When you have an incredible idea for a business, service or product, it is completely natural to want to move quickly to make that idea into a money-generating reality. Many people who want to start their own business focus on the smaller details, like packaging and naming products, rather than the legal technicalities involved with forming and operating a business.
Whether you intend to own and operate the business on your own or you plan to partner with investors, you should take some time to consider your options. For many small and medium-sized business owners, a sole ownership or partnership may be all that you need to begin business operations. However, if you anticipate any kind of liability or financial risk, it may be in your best interests to seriously consider forming a corporation.
What is a corporation?
At its most basic, a corporation is a legal entity that receives the same rights as a person in the United States. Creating a corporation is one way of officially starting a business. It is also an ideal way to protect yourself from the legal and financial liabilities involved in operating a business.
If, for example, your business were to fail, in many cases, you, as the owner, could end up liable for any debts incurred by your business. That could put your personal assets, from your home to your retirement account, at risk. Creating a corporation, on the other hand, allows for an additional degree of protection. So long as there is no commingling of personal and business assets, you, as an individual, will not have to worry about business debts. A corporation can also protect you, as an individual, from liability in any lawsuits that seek compensation from your business.
There are several kinds of corporations
The most common form of corporation for smaller businesses is the limited liability company or LLC. An LLC offers protection from personal liability when it comes to business issues, debts and other problems. However, in some cases, a person who owns and operates an LLC can end up accountable for issues related to the business.

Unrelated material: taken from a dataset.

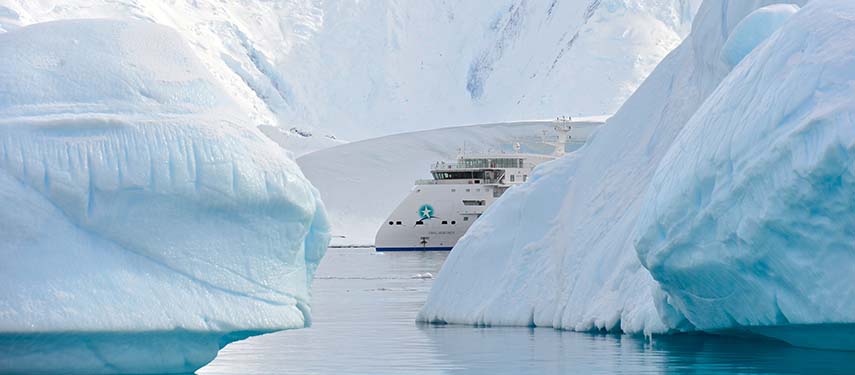 luxury cruise Ship Greg Mortimer In Antarctica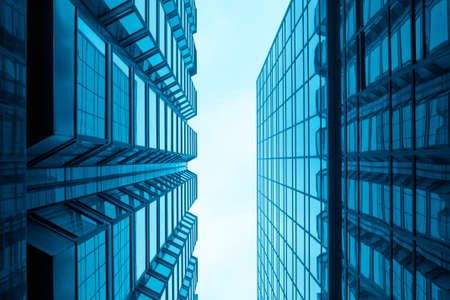 modern glass building in hongkongの写真素材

Of course, the same is true of more complex corporations as well.
Many businesses in Pennsylvania become either a “C” or an “S” corporation. In order to create a corporation like this, it is necessary to file Articles of Incorporation with the state. Shareholders become the owners of the business. Any income is subject to taxation before it gets passed on to shareholders. An “S” corporation differs in that there are limits on how many shareholders can have a stake in the company. However, taxation is different for “S” corporations. Profits are passed on to shareholders, who must then pay individual taxes on that income.
Determining which of these forms is right for your business is a critical first step to taking your company from a dream to a reality.